Google Cloud Vision

Google Cloud Vision

Marco Catania Published on 6/5/2017

A small robot, made of little more than two wheels and four cables, moves across a table. As it passes the people sitting at the table, the robot stops in front of someone who is smiling and says, in a metallic voice, “You seem happy: tell me why you’re so happy!” If, however, a person is down in the dumps, it asks “You seem sad: would you like a hug?”
How can such a basic gadget recognise human emotion? Where is it hiding the powerful processors and enormous databases required to do this?


In actual fact, this enormous computing power is not found inside the machine; it is stored in Google’s cloud, the collection of remote computers that the company provides for its users and developers.

The empathetic robot uses the power of the cloud to recognise facial expressions, thanks to one of the tech giant’s most innovative applications: Google Cloud Vision.

Google Cloud Vision

This product allows developers and hackers to harness the power of the algorithms that underpin Google Images. The abilities of Google’s eye are endless: from guessing the correct breed of dog to counting how many people there are in a class photo; from telling a pumpkin and a football apart to pinpointing the location of a lake in an old photo.

Moving images

Although Google Cloud Vision is only one year old, on 9th March Google unveiled a new development: Google Cloud Video Intelligence. This system applies some of the functions of Vision to videos, greatly expanding your options when searching audiovisual content as a result.

Google Cloud Vision

It is no coincidence that one of the first companies interested in Google Cloud Vision was AeroSense. This drone company records thousands of images every flight, and watching them all back to identify the objects photographed would be impossible. It is in situations like these that Google’s automated vision can prove indispensable.
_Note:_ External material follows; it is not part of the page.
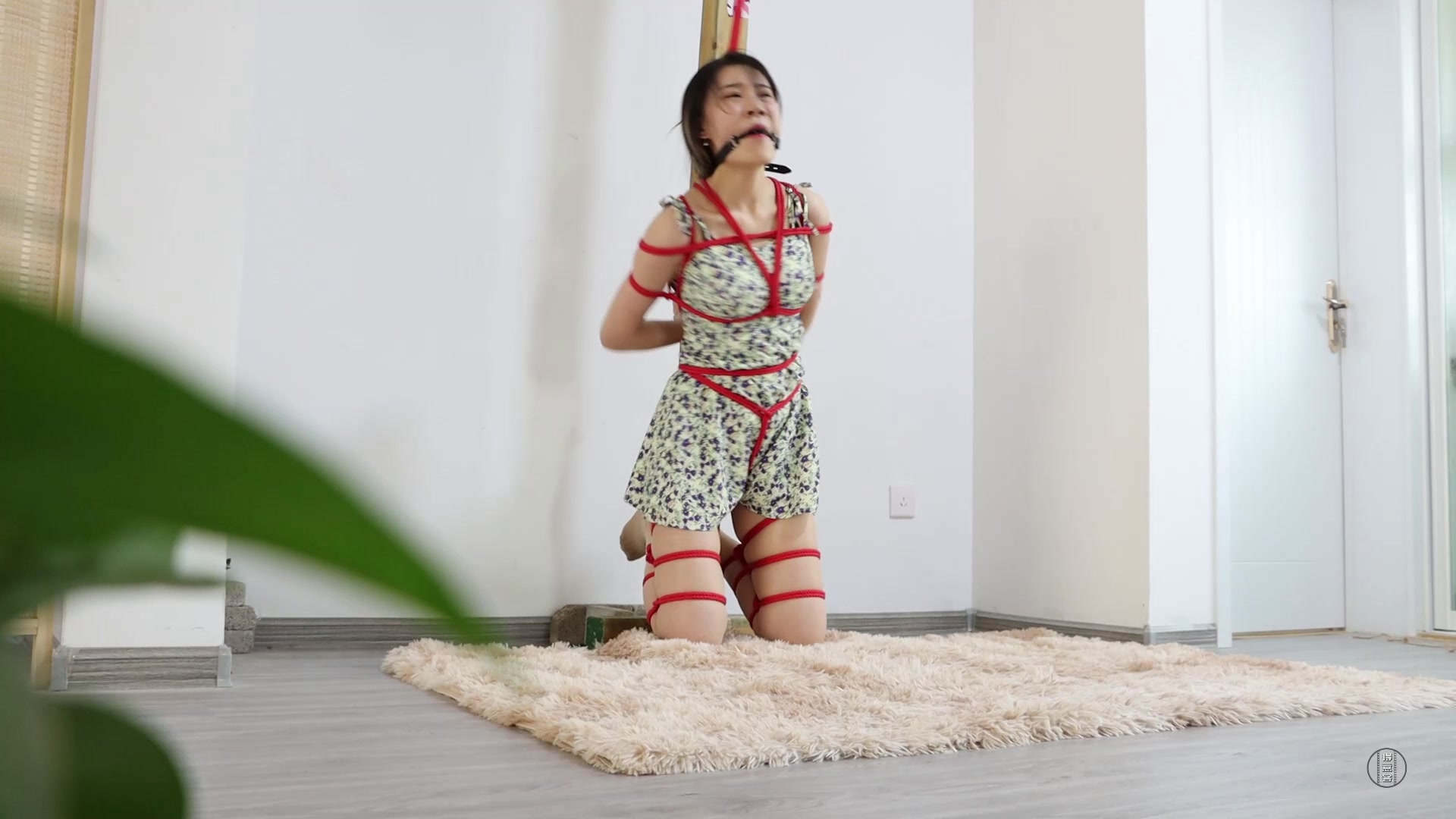 8730.mp4-10.jpg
Algorithms that learn from data

Google Cloud Vision’s secret lies in the machine learning algorithms that made the search engine’s name. Google uses the enormous quantity of data at its disposal to train its algorithms.

When we search for the word ‘dog’, Google Images brings up millions of images of dogs. Not because the algorithm understands the concept of a dog per se, but because it has learnt to recognise the animal by comparing an enormous number of images.
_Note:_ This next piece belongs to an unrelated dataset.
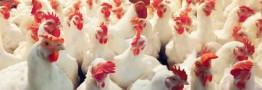 مرغ‌ها در واحدهای مرغداری گرسنه مانده‌اند/ وفور عرضه نهاده‌های دولتی در بازار آزاد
The company has provided users with a simulator which allows people to explore its galaxy of images and get to grips with how Google Cloud Vision works. And the Mountain View company is not the only firm to jump on this bandwagon. Amazon, for example, has launched a rival product: Amazon Rekognition.

Text and images

Computerised vision has some genuinely surprising applications. In the following video, a robot built around Raspberry Pi uses Google Cloud Vision to classify Halloween treats as delicious or horrible. The software can recognise the brand of snack thanks to an algorithm that extracts text from images.

Google Cloud Vision

Google Cloud Vision can interpret images in many different ways:

  • Object identification: the software recognises flowers, animals, vehicles and thousands of other categories that occur frequently in images.
  • Location, person and brand identification: the program taps into its database to identify famous places, both natural and man-made, such as mountains or buildings. The same mechanism can also be used to identify celebrities or brands.
  • Inappropriate content: adult or violent content can be detected by Google Cloud Vision, helping to moderate visual content on a large scale.
  • Face identification: this is the most spectacular application of the technology. Google Cloud Vision can identify the presence of one or more human faces within a photo, as well as deducing eight different expressions (happy, sad, angry, etc). The system knows if the photo contains a face, but it is not programmed to recognise systematically whose face it is.

For hackers and researchers

Google Cloud Vision opens up surprising possibilities for hackers. For example, you can pair it with Google Translate to learn how to say ‘glass’ in Chinese just by taking a photo of the object with your mobile.
Using the software in collaboration with various fashion experts led to the creation of a system that automatically detects the subculture of a passer-by with an eccentric appearance.
Disney used the program in an augmented reality app that makes the dragon from its latest film appear on your sofa. The researcher Kalev Leetaru, meanwhile, used it to analyse the most common situations in dozens of election campaign videos and the locations photographed most frequently by the international press.

Google’s eye promises to change the way that everyone sees the world. Will the next application be built by you?